Data collection and measures
Following a comprehensive review of relevant literature and consideration of the unique characteristics of rural older adults in China, a structured questionnaire was developed. This questionnaire encompassed socio-demographic characteristics, physical and mental health status, behavioral and lifestyle factors, as well as the occurrence of falls.

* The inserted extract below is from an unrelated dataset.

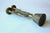 Metal Brutalist Brass Candle Stick Designed by Horst Dalbeck - Tealight Holder For Sale - Image 7 of 8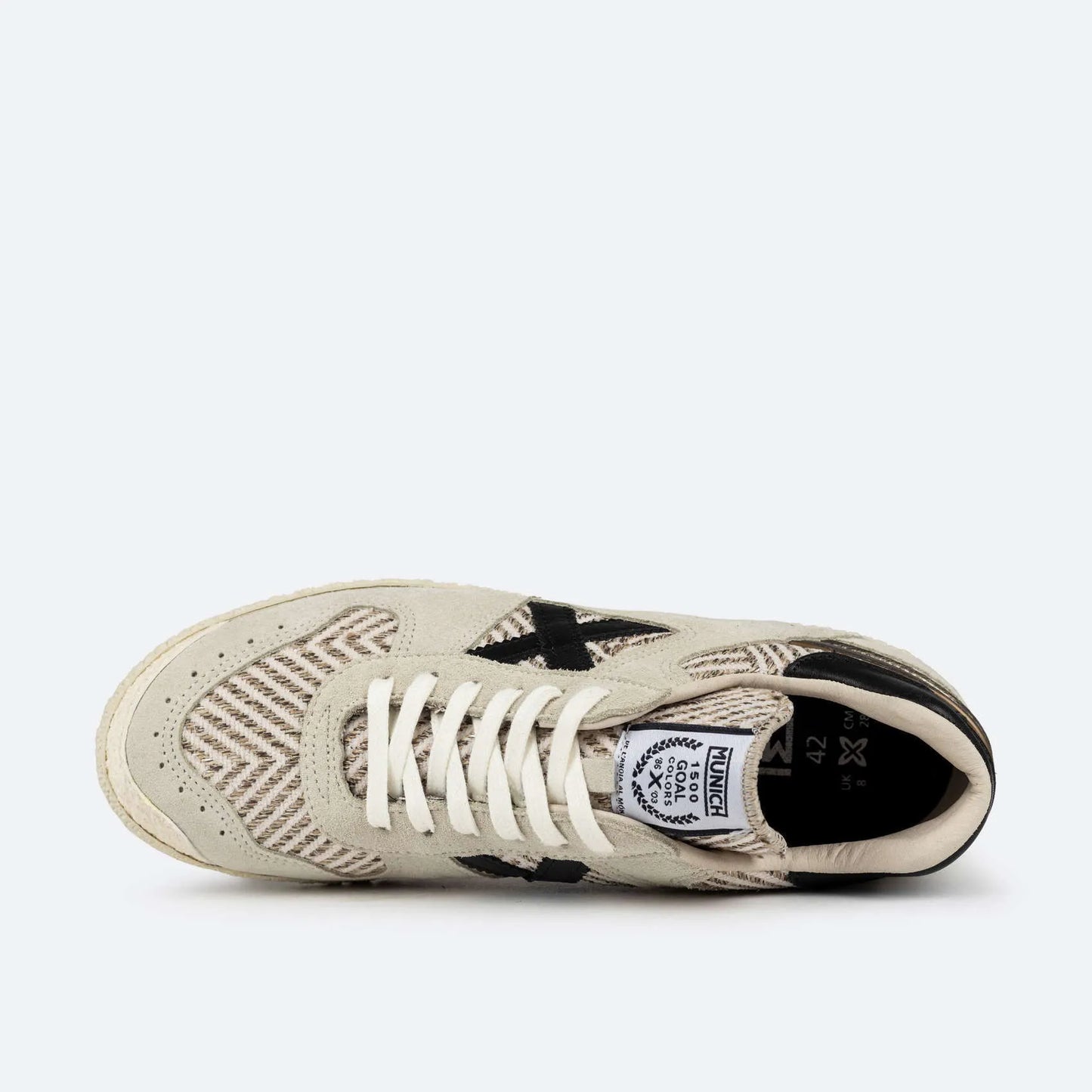 MUNICH | SNEAKERS UNISEX | GOAL 1601 | BEIGE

Socio-demographic and health characteristics
Specifically, socio-demographic data were collected as follows: gender (male/female); age, categorized into three groups: 60–69 years, 70–79 years, and ≥80 years; educational level (illiterate, primary school, junior high school and above); marital status (married, widowed, divorced, and single); living arrangement (living alone, living with spouse, living with children, and living with others); and employment status (working full-time, working part-time, engaged in housework, not working).

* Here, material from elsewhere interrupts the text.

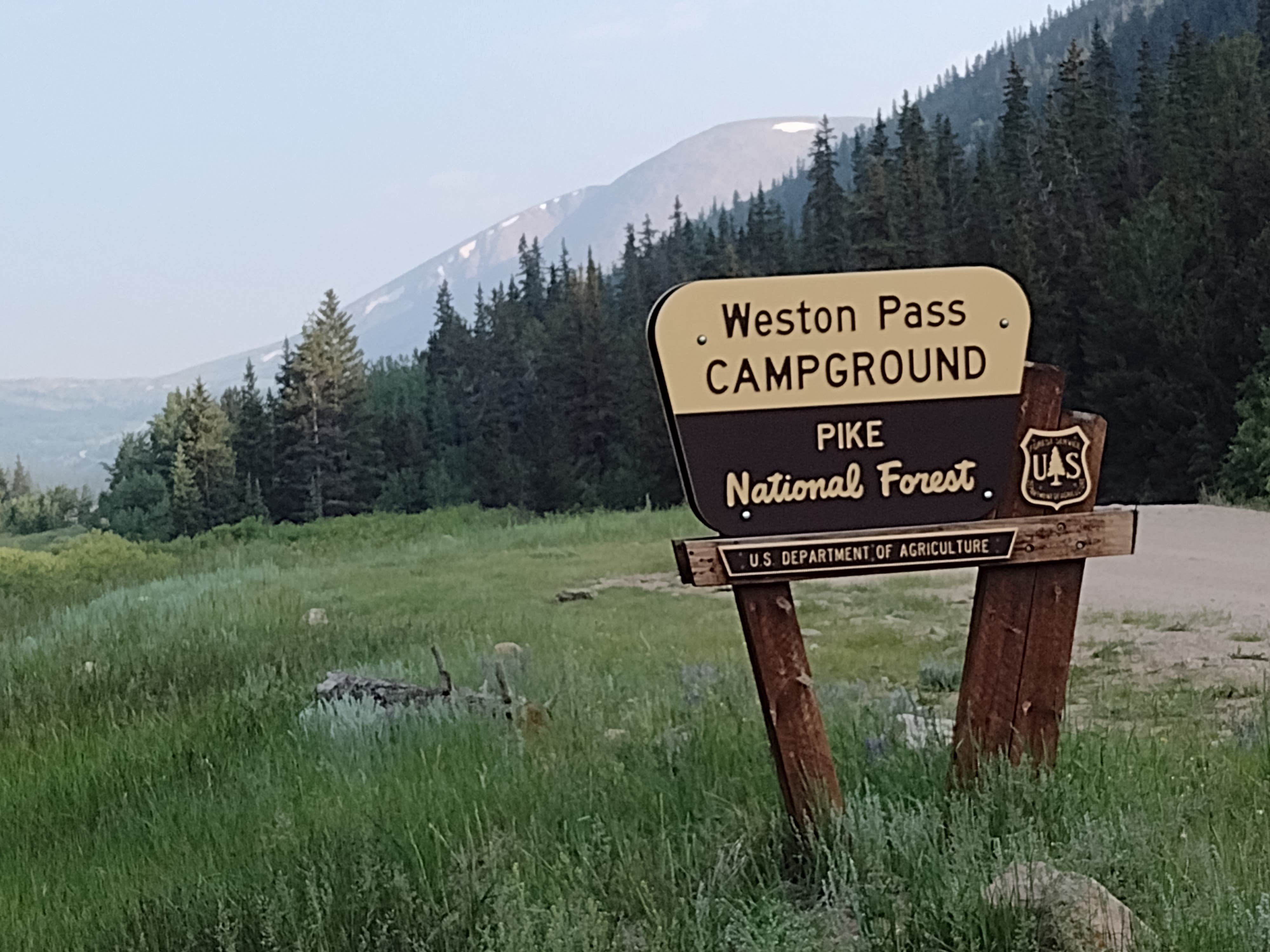 Camping near Fourmile Campground: Weston Pass Campground, Granite, Colorado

Physical and mental health status
Objective measurements included height, weight, and blood pressure. Grip strength was measured using a handheld dynamometer; the maximum value from two attempts with the dominant hand was recorded. Chronic disease status was assessed by self-report of physician-diagnosed conditions, recorded as “yes/no” having a chronic disease. Medication use was measured by asking participants the number of all drug classes they were currently taking; The number of medication types was recorded and classified as 0, 1, 2, or ≥3. Frailty was assessed using the Kihon Checklist (KCL), as detailed below. The primary outcome variable, falls, was collected by self-report in response to the question: “Have you experienced any falls (an unexpected event where you come to rest on the ground, floor, or lower level) in the past 12 months?” The response was recorded as a binary variable (Yes/No). Participants were asked about any falls that had occurred in the previous 12 months and these were recorded, regardless of whether they had occurred where they currently lived or elsewhere.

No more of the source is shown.